A crow and mysterious welcome to the Book Blitz for The Omen of Crows Nest by Cathrina Constantine!! A book about crows, mystery, murder, and more! It sounds so good~
For today’s post I got an excerpt, teasers, a giveaway, and book/author information. Yep, full house today!
Let’s get started. YAS!
No blood. No body. No murder.
That’s what the police found after Penelope spun her bizarre tale. In a hysterical state, she said her father was butchered and eaten by a mob of birds ~ in her bedroom.
They claim she’s crazy.
That she suffers from delusions.
Penelope is dead set on proving them wrong.

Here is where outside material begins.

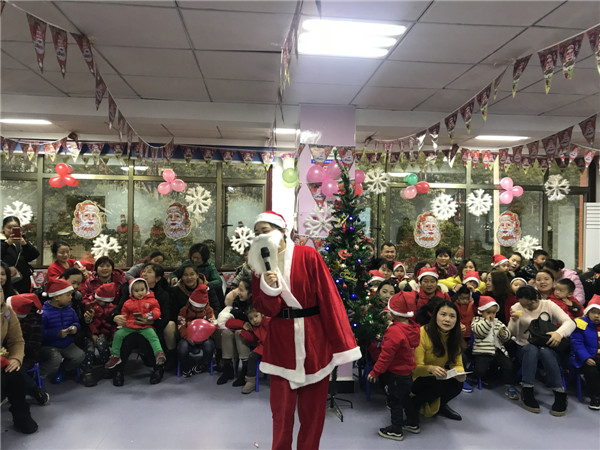 微信图片_20181226083058.jpg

After being institutionalized for eight months, Penelope is out and more determined than ever to find answers to her so-called hallucinations. With her father’s untimely disappearance, she’s convinced her family is hiding something sinister.
THE OMEN OF CROWS NEST is the latest masterpiece by the award-winning author Cathrina Constantine, and is sure to leave fans of fantasy gasping!
About the author:
I am blessed with a loving family and forever friends. My world revolves around them.

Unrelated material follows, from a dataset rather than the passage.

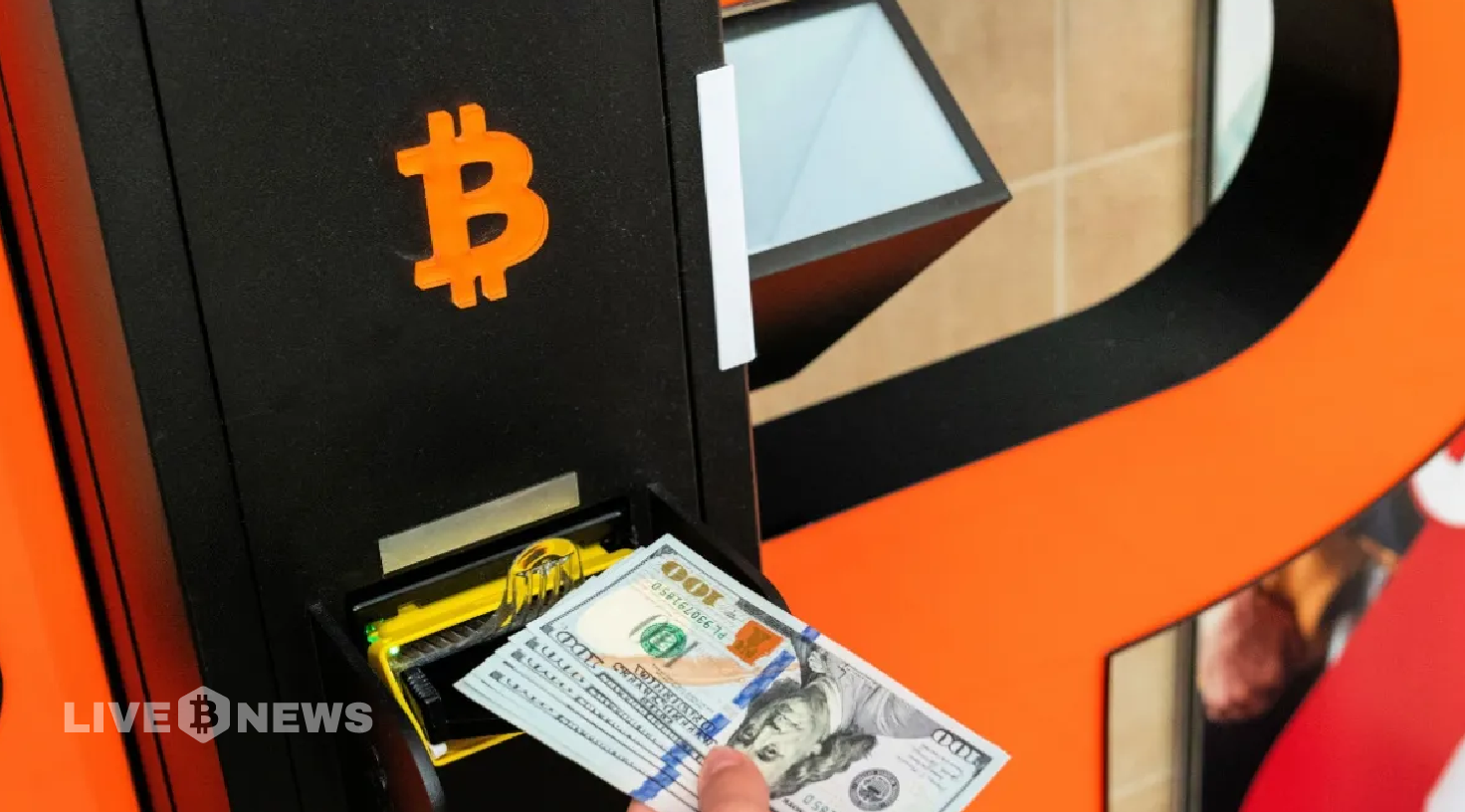 FTC Warns of Bitcoin ATM Scams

I grew up in the small village of Lancaster, NY, where I married my sweetheart. I’m devoted to raising 5 cherished children, and now my grandchildren.
I love to immerse myself in great books of every kind of genre, which helps me to write purely for entertainment, and hopefully to inspire readers. When not stationed at my computer you can find me in the woods taking long walks with my dog.
I returned to Crows Nest searching for hope, only to find ghosts.
Gone for eight months, give or take a few weeks, there had been a drastic change in the house. Perhaps, I’d overlooked the turrets I once imagined as a stairway to Heaven were scarred— like me. Cylinder peaks somewhat askew and shingles hanging in disarray correlated with my life thus far.
Some things remained the same. The worn exterior didn’t discourage flocks of birds to hover above and roost on the turrets and power lines.
Dad declared he was the cornerstone of the household, but we all knew it was Gramma. When her fancy tickled her, she told us myths and legends whence our house got its name because crows infested the land. Circling crows, like today, was an omen of death. I shivered. Heedful of that premonition all too well.
“Crows are inherently clever, intelligent,” Gramma would say, “Pay attention, they bring messages. They’re a symbol of magic, mystery, and destiny.” Her fowl wisdom had been indoctrinated in me since I toddled around the Nest.
What message are they bringing today? Welcoming or cautioning?
I should’ve carried a machete to cleave through the scrub, yellowing stalks. Snaking ivy coiled the pillars and canopied the second story balcony, which precariously bowed. On the long drive, Dean had informed me that the unforgiving winter had taken a toll.
My boots crunched on mulch and brittle leaves as I stepped onto the wraparound porch. It had been my responsibility to sweep it, a chore that should have been handed down to my younger siblings. The ornate beveled picture window was cracked. Something had smashed into it, creating jagged veins in the glass.
Planting indecisive legs at the front door, my toes grew into unyielding roots, wrestling into the tongue and groove boards. Heartier roots to replenish those that had been trimmed, uprooted, and torn to shreds.
Will my brother and sister despise me? Considering all those weeks before I was sent away, they’d never given me any reason to doubt their trust or their love. Nevertheless, in all these months, I seldom saw them. Gramma could have brainwashed them against me. She maintained that kind of authority.
I stared at the tarnished door knocker. Still scary and still life-like. A crow’s head with a gaping beak. Emotionally fraught, I turned, searching for Dean. He was body-deep in the trunk of the car grappling with my baggage.
“Need help?” I asked, voice squeaky.
He peeked his head around the car. His expressive, honey-amber eyes flashed as he flicked his arm, a signal to go in. Many nights I’d dreamt of him and those eyes. It shouldn’t be this hard. I veered to the door and thought, I’m home.